» **Supplied data**:
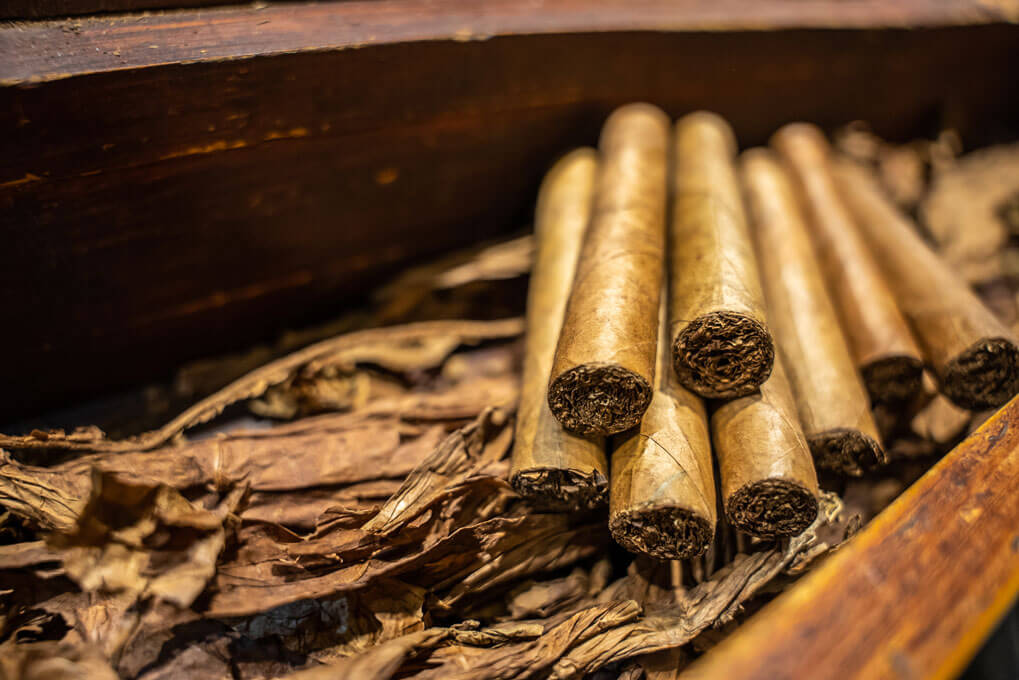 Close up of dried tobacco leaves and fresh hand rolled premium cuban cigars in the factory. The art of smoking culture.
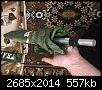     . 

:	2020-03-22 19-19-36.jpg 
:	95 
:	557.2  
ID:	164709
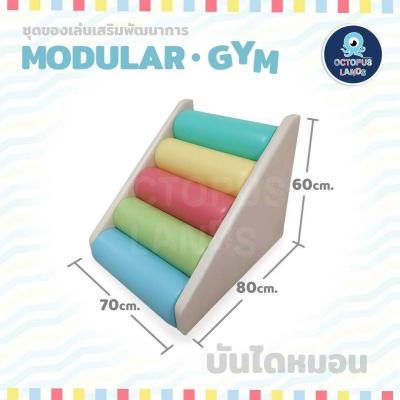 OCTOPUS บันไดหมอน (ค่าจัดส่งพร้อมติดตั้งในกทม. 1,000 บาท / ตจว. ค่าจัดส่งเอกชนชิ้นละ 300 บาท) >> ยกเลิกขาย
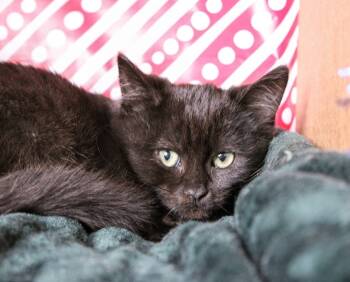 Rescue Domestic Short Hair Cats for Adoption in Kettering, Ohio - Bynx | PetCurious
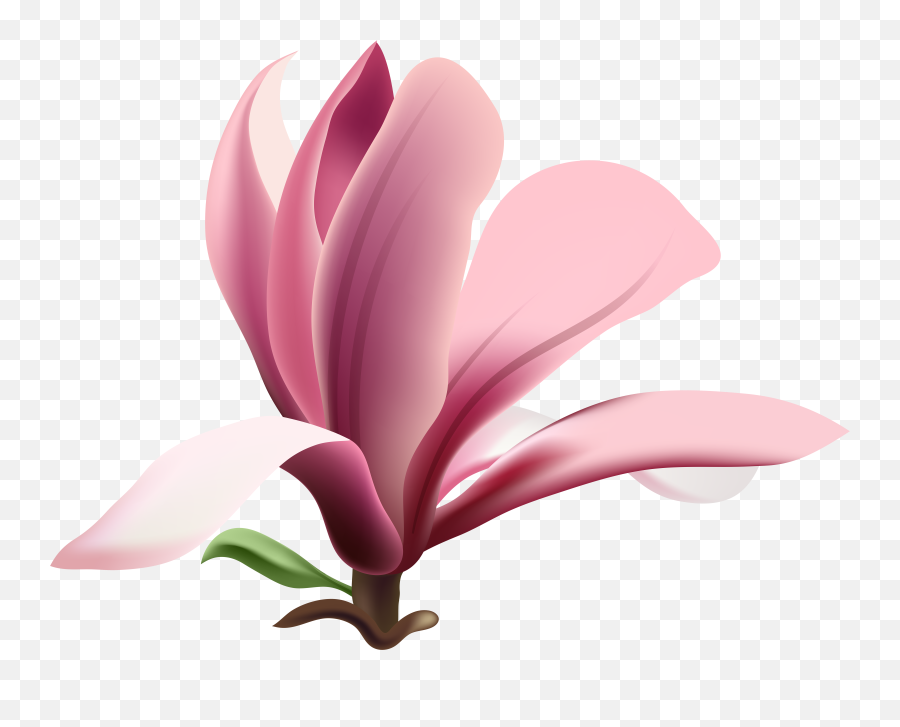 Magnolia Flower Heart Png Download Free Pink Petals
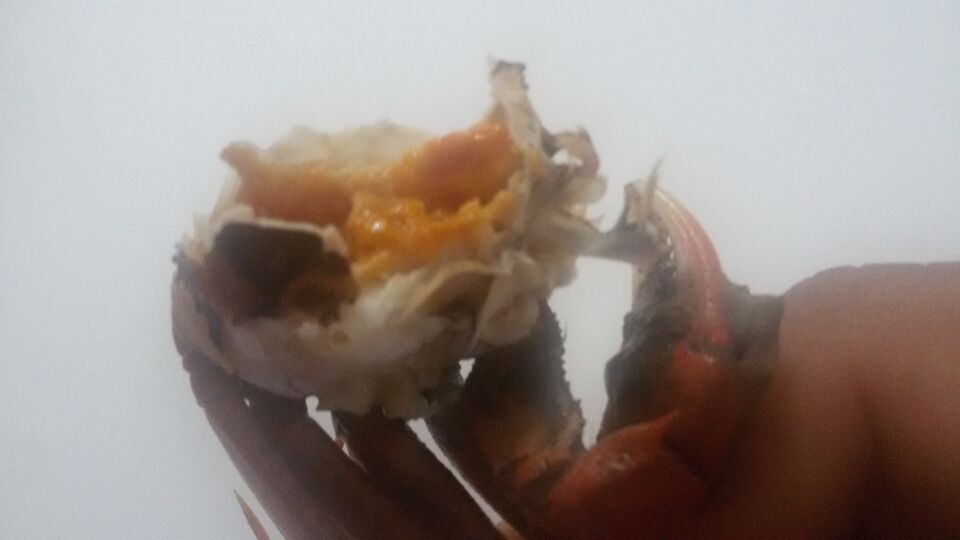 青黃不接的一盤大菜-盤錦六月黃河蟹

» **Goal of the exercise**: Retype all the data exactly; skip the pictures.

» **Your solution**:
 Close up of dried tobacco leaves and fresh hand rolled premium cuban cigars in the factory. The art of smoking culture.
     . 

:	2020-03-22 19-19-36.jpg 
:	95 
:	557.2  
ID:	164709
 OCTOPUS บันไดหมอน (ค่าจัดส่งพร้อมติดตั้งในกทม. 1,000 บาท / ตจว. ค่าจัดส่งเอกชนชิ้นละ 300 บาท) >> ยกเลิกขาย
 Rescue Domestic Short Hair Cats for Adoption in Kettering, Ohio - Bynx | PetCurious
 Magnolia Flower Heart Png Download Free Pink Petals
 青黃不接的一盤大菜-盤錦六月黃河蟹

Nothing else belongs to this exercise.